[Excerpts from a dataset]
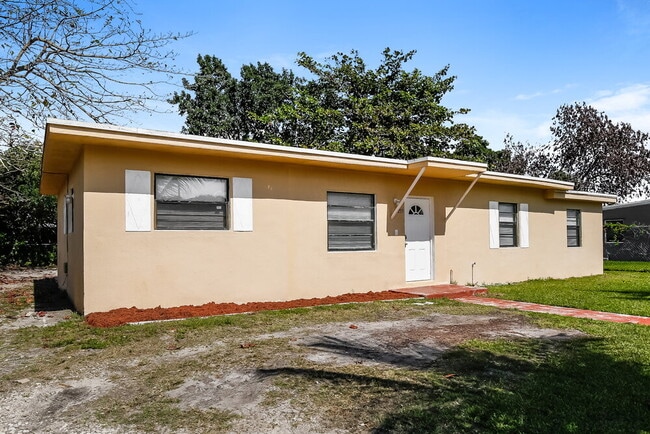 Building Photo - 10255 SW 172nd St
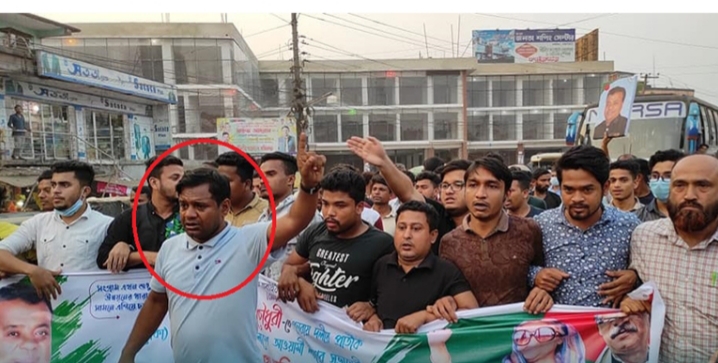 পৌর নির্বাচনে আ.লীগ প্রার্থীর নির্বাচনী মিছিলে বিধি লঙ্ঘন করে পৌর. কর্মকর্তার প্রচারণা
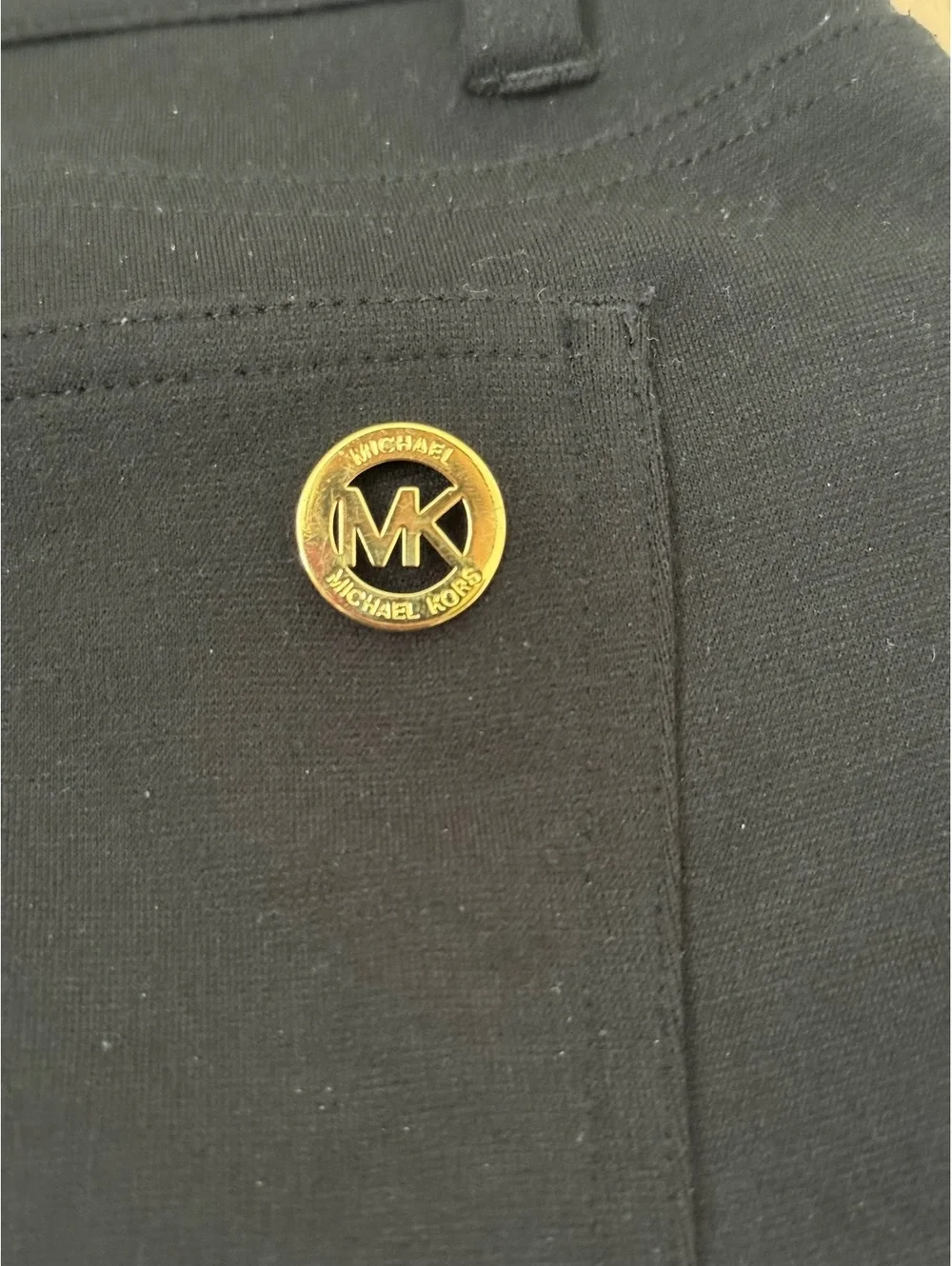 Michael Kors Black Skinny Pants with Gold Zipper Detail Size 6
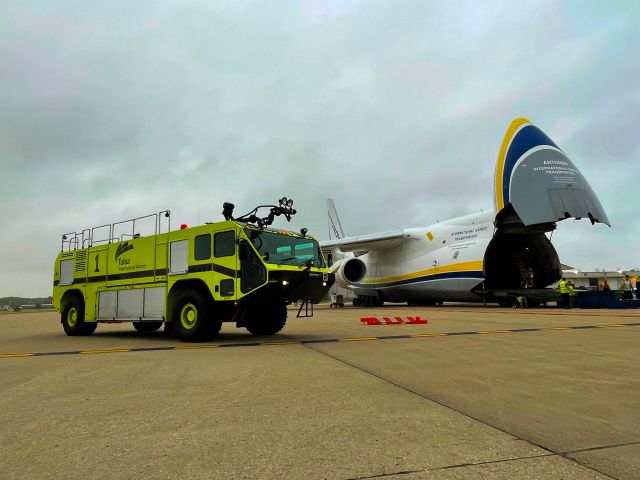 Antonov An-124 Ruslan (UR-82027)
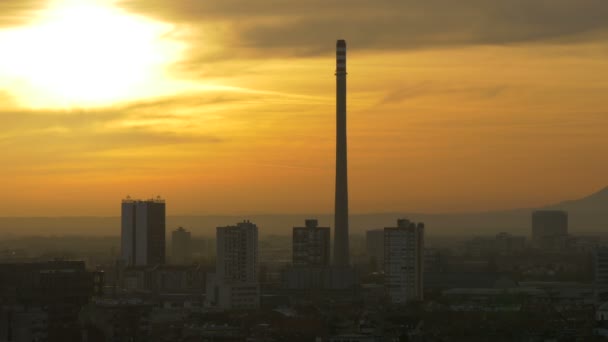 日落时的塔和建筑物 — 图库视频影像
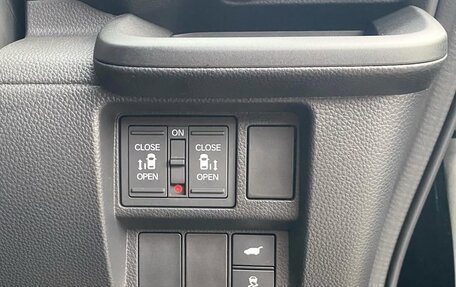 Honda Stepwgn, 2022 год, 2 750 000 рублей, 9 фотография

→ **The problem**: Write out every entry again word for word, without any of the pictures.

→ **Expected output**:
 Building Photo - 10255 SW 172nd St
 পৌর নির্বাচনে আ.লীগ প্রার্থীর নির্বাচনী মিছিলে বিধি লঙ্ঘন করে পৌর. কর্মকর্তার প্রচারণা
 Michael Kors Black Skinny Pants with Gold Zipper Detail Size 6
 Antonov An-124 Ruslan (UR-82027)
 日落时的塔和建筑物 — 图库视频影像
 Honda Stepwgn, 2022 год, 2 750 000 рублей, 9 фотография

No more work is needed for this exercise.